* [What the task requires]
With the line containing "Kyanite 1 Kyanite" as the first line and the last line of the records as the final one, reproduce that range exactly.

---*---

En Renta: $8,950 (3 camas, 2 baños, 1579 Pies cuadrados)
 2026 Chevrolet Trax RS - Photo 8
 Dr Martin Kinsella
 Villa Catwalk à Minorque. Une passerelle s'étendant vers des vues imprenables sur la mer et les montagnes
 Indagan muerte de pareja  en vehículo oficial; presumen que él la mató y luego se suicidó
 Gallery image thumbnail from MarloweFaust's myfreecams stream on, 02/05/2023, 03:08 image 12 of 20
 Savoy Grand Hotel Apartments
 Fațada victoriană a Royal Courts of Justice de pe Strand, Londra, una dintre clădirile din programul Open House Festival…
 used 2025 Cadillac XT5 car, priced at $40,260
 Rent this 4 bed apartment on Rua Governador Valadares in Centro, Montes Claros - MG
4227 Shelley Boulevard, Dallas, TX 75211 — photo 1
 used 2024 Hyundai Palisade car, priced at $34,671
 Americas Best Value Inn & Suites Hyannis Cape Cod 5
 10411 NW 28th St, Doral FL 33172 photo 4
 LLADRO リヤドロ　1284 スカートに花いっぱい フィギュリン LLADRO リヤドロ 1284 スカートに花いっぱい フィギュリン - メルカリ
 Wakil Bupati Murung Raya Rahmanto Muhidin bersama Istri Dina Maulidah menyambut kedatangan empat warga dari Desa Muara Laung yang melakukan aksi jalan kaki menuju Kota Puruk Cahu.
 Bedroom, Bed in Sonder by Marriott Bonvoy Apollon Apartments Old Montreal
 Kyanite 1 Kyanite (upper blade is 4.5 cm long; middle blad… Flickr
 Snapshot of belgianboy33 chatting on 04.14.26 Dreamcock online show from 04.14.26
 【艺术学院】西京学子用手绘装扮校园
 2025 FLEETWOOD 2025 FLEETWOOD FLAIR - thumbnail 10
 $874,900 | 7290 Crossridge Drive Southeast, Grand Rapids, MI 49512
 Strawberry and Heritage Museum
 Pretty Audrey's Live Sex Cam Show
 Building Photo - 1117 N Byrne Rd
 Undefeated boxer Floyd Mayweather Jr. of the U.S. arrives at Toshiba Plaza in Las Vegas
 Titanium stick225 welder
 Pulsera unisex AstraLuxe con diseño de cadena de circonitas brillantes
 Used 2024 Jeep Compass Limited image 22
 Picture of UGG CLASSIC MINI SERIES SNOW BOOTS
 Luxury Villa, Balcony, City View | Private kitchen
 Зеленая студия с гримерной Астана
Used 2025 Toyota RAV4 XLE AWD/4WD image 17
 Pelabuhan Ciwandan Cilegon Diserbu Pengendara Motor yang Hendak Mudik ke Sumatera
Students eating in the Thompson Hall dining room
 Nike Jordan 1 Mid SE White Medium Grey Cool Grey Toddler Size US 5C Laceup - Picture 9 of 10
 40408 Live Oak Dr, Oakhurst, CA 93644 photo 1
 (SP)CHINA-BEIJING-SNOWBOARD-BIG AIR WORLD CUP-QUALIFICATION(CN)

---*---

* [Answer section]
 Kyanite 1 Kyanite (upper blade is 4.5 cm long; middle blad… Flickr
 Snapshot of belgianboy33 chatting on 04.14.26 Dreamcock online show from 04.14.26
 【艺术学院】西京学子用手绘装扮校园
 2025 FLEETWOOD 2025 FLEETWOOD FLAIR - thumbnail 10
 $874,900 | 7290 Crossridge Drive Southeast, Grand Rapids, MI 49512
 Strawberry and Heritage Museum
 Pretty Audrey's Live Sex Cam Show
 Building Photo - 1117 N Byrne Rd
 Undefeated boxer Floyd Mayweather Jr. of the U.S. arrives at Toshiba Plaza in Las Vegas
 Titanium stick225 welder
 Pulsera unisex AstraLuxe con diseño de cadena de circonitas brillantes
 Used 2024 Jeep Compass Limited image 22
 Picture of UGG CLASSIC MINI SERIES SNOW BOOTS
 Luxury Villa, Balcony, City View | Private kitchen
 Зеленая студия с гримерной Астана
Used 2025 Toyota RAV4 XLE AWD/4WD image 17
 Pelabuhan Ciwandan Cilegon Diserbu Pengendara Motor yang Hendak Mudik ke Sumatera
Students eating in the Thompson Hall dining room
 Nike Jordan 1 Mid SE White Medium Grey Cool Grey Toddler Size US 5C Laceup - Picture 9 of 10
 40408 Live Oak Dr, Oakhurst, CA 93644 photo 1
 (SP)CHINA-BEIJING-SNOWBOARD-BIG AIR WORLD CUP-QUALIFICATION(CN)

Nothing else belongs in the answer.